To eliminate the possibility that 100Hz noise is the linear coupling of gain-limited residual frequency noise, we need to show the following.
This alog shows that the first point is true.
In the attached, left middle shows LSC-REFL_SERVO_CTRL_OUT_DQ when there was no light on REFL_A (green), and in low noise state before CM gain setting was made incorrect on Sunday (red) and with an incorrect CM setting (blue).
Both red and blue are more than an order of magnitude larger in-lock than the green trace, so apparently it's not limited by the ADC and read out electronics noise.
In the middle right is the CAL-DELTAL_EXTERNAL_DQ (without necessary calibration TF applied), just look at red/blue difference, blue is about a factor of 2 larger than red at 80Hz. If this is a linear frequency noise coupling it should be obvious in the coherence (left bottom) but there's really nothing to talk about while there's a clear difference in coherence at higher frequency.
In conclusion, the point 1. listed above is correct, yet there's no coherence for broadband 100Hz-ish noise, and therefore it's unlikely that this is linear frequency noise coupling.
Without addressing the point 2 (as it sounds unlikely), the next thing is to see if this is nonlinear coupling of the frequency noise. Injections would be useful, looking at demod signal of REFL_A_RF9_I would be useful, and changing CM gain somewhere in the chain would be useful.
FYI, in the above entry, CM gain difference between red and blue was 11dB or a factor of 3.5, and that was downstream of the REFL CM board (i.e.
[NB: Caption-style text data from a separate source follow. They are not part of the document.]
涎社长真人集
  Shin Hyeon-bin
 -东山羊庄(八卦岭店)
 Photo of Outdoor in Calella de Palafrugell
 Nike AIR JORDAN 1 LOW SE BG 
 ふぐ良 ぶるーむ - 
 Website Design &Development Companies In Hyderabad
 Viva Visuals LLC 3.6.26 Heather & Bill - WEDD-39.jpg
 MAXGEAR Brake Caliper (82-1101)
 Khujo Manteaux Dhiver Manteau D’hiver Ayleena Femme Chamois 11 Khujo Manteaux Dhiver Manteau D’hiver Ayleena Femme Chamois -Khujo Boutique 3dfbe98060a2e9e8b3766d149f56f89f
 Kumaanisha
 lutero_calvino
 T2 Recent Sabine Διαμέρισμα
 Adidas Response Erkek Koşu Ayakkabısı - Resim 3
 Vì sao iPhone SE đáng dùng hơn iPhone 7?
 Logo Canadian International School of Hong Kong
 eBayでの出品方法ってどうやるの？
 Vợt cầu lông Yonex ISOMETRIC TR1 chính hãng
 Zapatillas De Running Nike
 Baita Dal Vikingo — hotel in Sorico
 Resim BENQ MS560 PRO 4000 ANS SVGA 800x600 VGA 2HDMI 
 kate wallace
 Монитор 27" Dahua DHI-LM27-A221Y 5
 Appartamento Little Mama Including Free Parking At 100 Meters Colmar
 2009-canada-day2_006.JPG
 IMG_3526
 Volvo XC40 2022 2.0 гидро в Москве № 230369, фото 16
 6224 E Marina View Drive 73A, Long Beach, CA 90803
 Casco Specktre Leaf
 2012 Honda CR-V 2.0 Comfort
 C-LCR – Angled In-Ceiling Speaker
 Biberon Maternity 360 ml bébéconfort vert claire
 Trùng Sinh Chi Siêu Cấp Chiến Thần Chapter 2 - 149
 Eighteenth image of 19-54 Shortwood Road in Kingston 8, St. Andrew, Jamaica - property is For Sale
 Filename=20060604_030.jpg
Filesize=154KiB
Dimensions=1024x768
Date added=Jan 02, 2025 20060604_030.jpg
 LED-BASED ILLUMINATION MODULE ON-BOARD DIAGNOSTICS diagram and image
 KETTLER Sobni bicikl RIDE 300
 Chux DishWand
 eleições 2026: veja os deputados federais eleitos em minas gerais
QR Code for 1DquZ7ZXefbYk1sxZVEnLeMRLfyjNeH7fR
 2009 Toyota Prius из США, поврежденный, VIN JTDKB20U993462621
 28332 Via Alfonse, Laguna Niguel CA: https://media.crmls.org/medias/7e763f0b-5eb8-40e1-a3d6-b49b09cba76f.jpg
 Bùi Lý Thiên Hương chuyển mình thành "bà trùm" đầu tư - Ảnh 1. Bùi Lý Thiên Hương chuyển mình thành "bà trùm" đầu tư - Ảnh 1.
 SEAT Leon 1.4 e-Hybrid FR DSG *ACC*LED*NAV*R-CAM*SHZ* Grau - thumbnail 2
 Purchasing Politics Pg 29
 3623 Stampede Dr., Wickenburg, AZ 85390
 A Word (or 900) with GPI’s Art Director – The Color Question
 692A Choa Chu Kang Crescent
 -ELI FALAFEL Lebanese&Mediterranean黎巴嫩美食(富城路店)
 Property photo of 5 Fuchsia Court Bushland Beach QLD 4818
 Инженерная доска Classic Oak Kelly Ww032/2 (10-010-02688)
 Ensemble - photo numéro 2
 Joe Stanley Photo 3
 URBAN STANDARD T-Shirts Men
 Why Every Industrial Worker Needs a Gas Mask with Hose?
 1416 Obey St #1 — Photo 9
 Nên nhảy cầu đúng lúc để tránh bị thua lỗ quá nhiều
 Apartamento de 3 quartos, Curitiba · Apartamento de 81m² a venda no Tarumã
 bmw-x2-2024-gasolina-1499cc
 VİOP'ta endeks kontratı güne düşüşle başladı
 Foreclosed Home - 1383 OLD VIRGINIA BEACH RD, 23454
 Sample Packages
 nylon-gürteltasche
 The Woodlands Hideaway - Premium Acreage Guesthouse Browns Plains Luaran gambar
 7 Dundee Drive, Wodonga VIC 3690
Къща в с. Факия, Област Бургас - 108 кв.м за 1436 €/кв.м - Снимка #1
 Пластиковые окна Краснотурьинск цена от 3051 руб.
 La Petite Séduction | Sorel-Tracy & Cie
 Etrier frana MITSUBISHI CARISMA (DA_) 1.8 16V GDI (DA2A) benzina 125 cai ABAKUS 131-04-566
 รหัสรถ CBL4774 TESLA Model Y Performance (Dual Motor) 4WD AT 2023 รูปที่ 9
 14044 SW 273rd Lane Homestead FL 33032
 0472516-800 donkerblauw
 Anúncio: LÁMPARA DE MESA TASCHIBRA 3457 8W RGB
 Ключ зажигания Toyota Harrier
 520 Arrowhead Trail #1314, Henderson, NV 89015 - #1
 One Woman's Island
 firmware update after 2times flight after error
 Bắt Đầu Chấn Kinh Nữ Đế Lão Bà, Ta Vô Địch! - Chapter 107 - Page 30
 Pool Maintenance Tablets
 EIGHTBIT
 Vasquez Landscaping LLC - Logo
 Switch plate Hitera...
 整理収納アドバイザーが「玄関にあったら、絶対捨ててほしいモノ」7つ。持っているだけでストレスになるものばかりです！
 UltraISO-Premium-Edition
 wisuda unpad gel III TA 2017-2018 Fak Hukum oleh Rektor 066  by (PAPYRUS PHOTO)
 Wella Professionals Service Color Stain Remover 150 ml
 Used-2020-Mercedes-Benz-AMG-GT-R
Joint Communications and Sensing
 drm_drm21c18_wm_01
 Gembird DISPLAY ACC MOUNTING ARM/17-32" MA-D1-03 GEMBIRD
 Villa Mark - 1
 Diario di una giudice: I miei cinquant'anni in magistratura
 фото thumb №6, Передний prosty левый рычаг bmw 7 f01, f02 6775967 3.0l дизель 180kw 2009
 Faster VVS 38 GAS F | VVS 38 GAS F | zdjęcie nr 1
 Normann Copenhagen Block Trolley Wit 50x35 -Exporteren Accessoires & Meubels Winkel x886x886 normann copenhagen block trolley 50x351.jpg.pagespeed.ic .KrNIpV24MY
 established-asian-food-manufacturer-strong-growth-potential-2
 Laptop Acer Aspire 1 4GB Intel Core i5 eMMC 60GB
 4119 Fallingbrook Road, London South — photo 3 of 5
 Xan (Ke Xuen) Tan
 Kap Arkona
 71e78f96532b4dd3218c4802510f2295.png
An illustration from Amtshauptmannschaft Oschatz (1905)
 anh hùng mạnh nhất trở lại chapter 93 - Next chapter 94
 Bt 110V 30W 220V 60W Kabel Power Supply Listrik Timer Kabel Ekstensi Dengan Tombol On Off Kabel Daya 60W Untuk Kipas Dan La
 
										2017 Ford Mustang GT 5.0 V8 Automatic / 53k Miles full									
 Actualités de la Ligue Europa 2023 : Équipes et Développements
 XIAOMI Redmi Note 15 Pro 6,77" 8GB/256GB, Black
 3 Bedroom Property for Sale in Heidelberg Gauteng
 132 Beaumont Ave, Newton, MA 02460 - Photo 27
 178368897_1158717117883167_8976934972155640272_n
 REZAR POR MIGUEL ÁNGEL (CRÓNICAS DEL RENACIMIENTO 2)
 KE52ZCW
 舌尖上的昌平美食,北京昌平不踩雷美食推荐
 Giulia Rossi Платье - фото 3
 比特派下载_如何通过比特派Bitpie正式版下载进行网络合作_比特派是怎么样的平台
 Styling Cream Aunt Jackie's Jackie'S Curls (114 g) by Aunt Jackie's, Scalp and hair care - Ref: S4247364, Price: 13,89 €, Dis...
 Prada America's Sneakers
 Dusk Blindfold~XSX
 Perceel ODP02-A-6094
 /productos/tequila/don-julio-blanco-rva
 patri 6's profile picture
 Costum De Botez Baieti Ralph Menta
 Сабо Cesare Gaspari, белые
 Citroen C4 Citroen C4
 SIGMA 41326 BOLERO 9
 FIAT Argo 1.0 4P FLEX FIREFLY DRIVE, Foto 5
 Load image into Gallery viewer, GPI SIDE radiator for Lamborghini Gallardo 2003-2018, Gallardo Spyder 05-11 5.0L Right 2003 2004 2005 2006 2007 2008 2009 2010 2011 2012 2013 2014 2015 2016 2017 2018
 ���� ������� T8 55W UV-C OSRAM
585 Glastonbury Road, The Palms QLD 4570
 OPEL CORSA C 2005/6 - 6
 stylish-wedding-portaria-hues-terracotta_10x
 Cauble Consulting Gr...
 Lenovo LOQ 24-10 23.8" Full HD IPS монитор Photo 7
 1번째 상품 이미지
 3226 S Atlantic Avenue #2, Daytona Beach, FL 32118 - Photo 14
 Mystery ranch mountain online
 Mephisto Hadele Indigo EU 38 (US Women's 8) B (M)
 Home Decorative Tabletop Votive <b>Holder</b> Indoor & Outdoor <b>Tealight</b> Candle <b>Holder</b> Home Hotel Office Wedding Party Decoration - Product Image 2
IMC REFL CM board IN2 gain). So at least red/blue difference of REFL_SERVO_CTRL_OUT as well as REFL_A_RF9_I_ERR make sense.
But comparing DARM red/blue doesn't make much sense as the coupling is also somehow related to the heating which is apparent from how the range degrades over time together with the frequency noise in DARM in kHz range when CM gain setting was wrong.
More explanations of the above.
Linear coupling to REFL sensing noise (shot noise etc.) imposed on the frequency noise was rejected right away because if that's the case CM gain change wouldn't make any impact whatsoever.
Since it changes with CM gain, and since we see no coherence anywhere, the true frequency noise is either somehow entirely gain-limited (not sensor limited) but all our signals are limited by ADC noise, which was rejected in the above, or it's sensor-limited at 100Hz but the gain-limited part of the noise (e.g. kHz or DC-ish frequency) is somehow down/up converted to 100Hz. In the latter case, it's an equivalent of additional REFL sensing noise and cannot be detected in-loop.